Many conservatives took President Obama to task because he saluted some US troops with a cup of coffee –which somehow became a latte–in his hand. No matter that George W. Bush did his own “disrespectful” version. No matter that non-military personnel don’t typically salute men and women in uniform. No matter that there are, by my quick count, at least seven million more important things going on in the world.
NASCAR has an official blood thinner. Really. I guess watching cars go around in circles for a few hours makes your blood thick. I’m not sure, I’m not really a fan.
You may have seen the ads by Brookdale, a retirement home operator, wherein they tout “your senior living solution.” Apparently “place to unload Mom without too much guilt” didn’t test well.
I’m aware that these examples may only seem related to the extent that they are easy to poke fun at. But I think it goes deeper.
In each case, much is revealed about what the proponents value and how they are seen in the world.
Those that obsess over any Obama mis-step don’t care to be fair and balanced. Anything that fits their desired narrative is fair game, no matter how trivial.

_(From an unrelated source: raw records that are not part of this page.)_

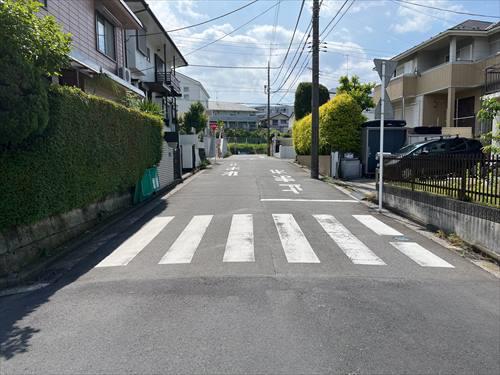 前面道路（２０２５年５月撮影）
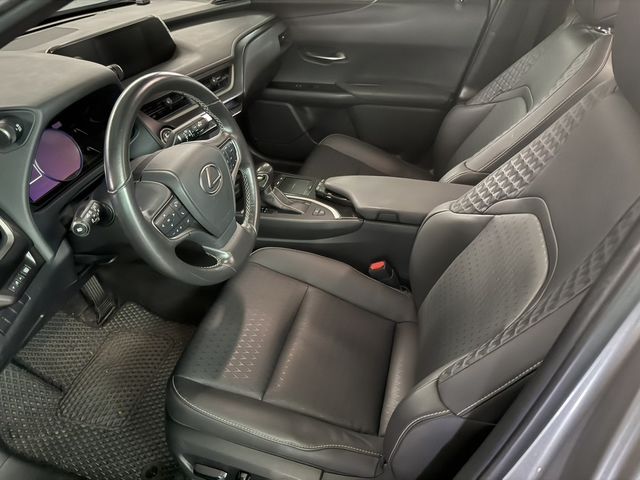 LEXUS凌志 UX200  第2張相片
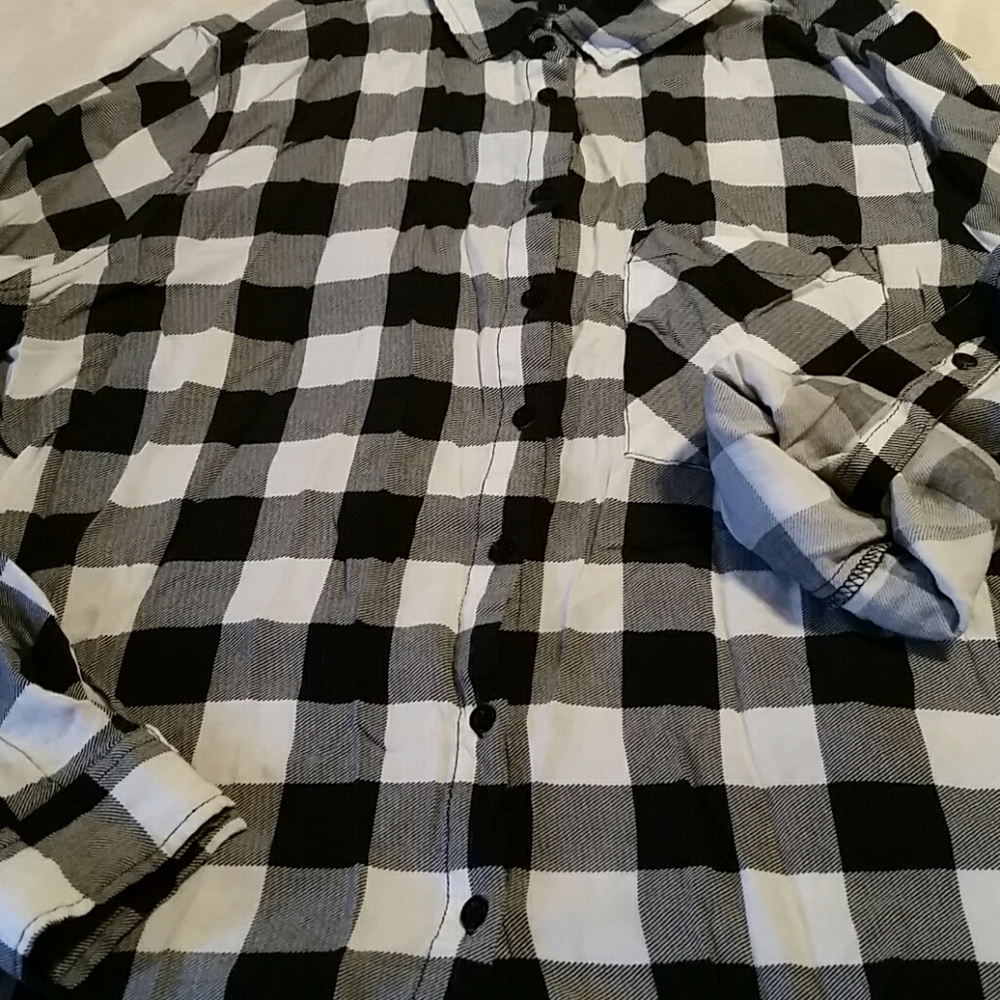 Polly & Esther plaid button down - Picture 3 of 6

NASCAR’s willingness to take on completely random sponsorships and ordain them with “official” status tells us all we need to know about their driving–pun totally intended–motivation.
Brookdale’s euphemism laced marketing strategy doesn’t connect directly. It’s more important to talk around the heart of the matter than to attempt to engage authentically.
I have no doubt that all three of these strategies are highly effective at some level.
Just know that when objectivity, substance and authenticity take a back seat to other, shall we say less than noble goals, the chances that folks start tuning out goes way, way up.
In the ever more difficult battle for share of attention, that may not be a risk worth taking.